I love Paris in the springtime…! No, wait, that’s not quite true. I love it in the very late fall, early winter. February is fantastic, lovely and quiet and grey and you can duck into those normally busy cafes in your stylish coat and have café and not be crowded. Springtime is just okay. And I don’t love it in the summer, which is the time we will be visiting, later this year.*
That’s fine. We will sweat through the markets, grouch along the queue for the Louvre, drag the kids to the plage – it’s all in good fun, and we do have a lovely flat in the south to escape to after La Grand Cité, and friends to visit, and it will be fabulous. But before we get there, we do need to find a place to stay in the city of light, and that is my job. What is also my job is to manage the expectations of the man of the house.
So, I am faffing about on VRBO.com (as I do many evenings, regardless of upcoming trips), and I spy a very few places that might fit a snug budget for four people; and I mention them to K, and suggest that they may fit the bill, but point out that they mean we may have to sleep in the same large, unforgiving room as our kids.
“Well, forget that,” he says. “No way. We’ve got to have a separate room.” I return to VRBO, not unhappily. There are artists’ lofts! There are designer pads! There are Chic, Stunning Abodes in the 4th!
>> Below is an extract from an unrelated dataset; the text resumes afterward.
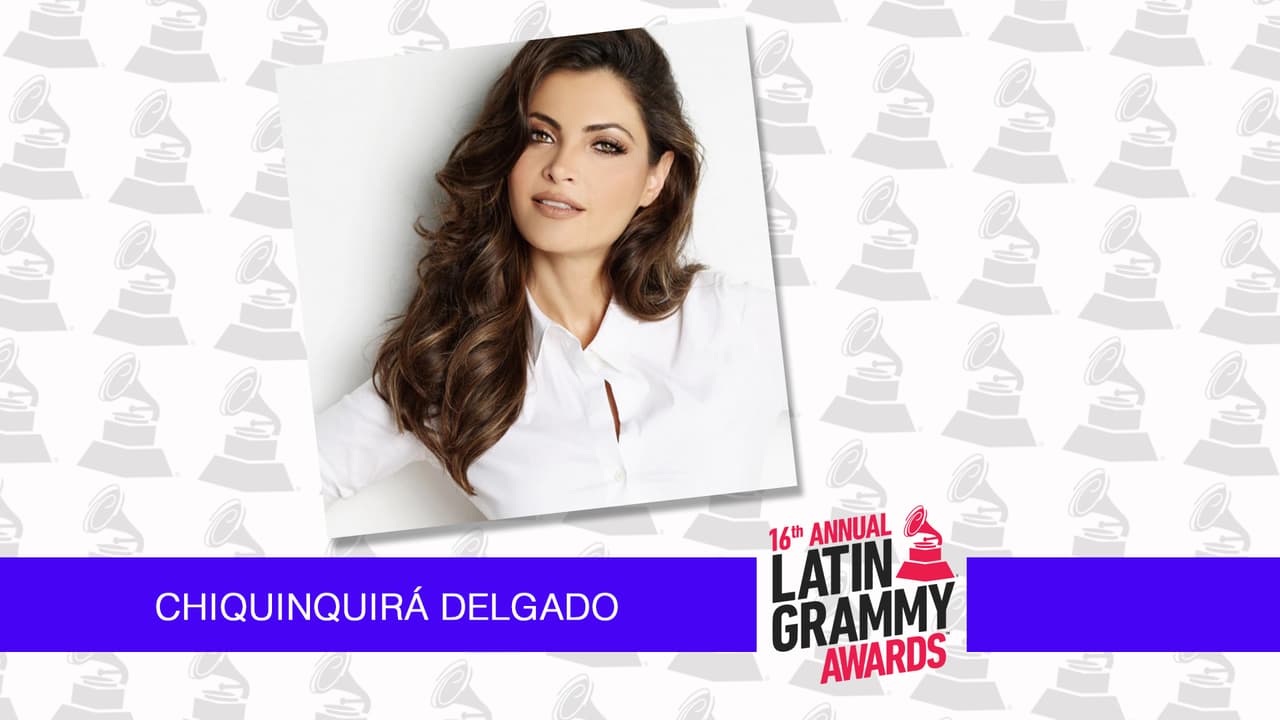 Al lado de esta belleza, estará otra guapa mujer. ¿Tienes idea de quién es?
Oh wait, he doesn’t want to spend our next three months’ mortgage payment on three nights in Paris, the bastard.
Let’s give him the benefit of the doubt. Let’s assume that, because he is a man of a certain age (ie, 36), and of a certain salary and responsibility level, that because the state of Colorado has actually entrusted him with a driver’s licence (no, really), that he must be a man of a certain amount of intelligence, of let’s-face-it a certain amount of NOUS, and he gets that there is about a drippy snowball’s chance in hell of us finding a nice roomy affordable place to stay in Paris in July.
Then, let’s chuck that out the window, as he tells me: “Don’t worry about finding a place with an extra bedroom, because that would cost more. Just get a place with a balcony! That’s how we can get extra space without paying for it, in a Paris holiday rental in high season. No one else will figure out this clever trick, where you rent a Paris flat in July that has a balcony and they don’t realise that a balcony is a good selling point that they could charge extra for. What a genius I am.”
And then weep for me, because I bloody well had kids with this man.
* And we’ll be in London July 13-16th, ish, with kids. Anyone fancy a drink? A snack? A nice long supper with excellent conversation and fascinating guests? (Okay, yes, that was unrealistic.) How about a PLUS GRANDE BLINKS DU MONDE, in London? I want to. My husband wants to. You know you want to.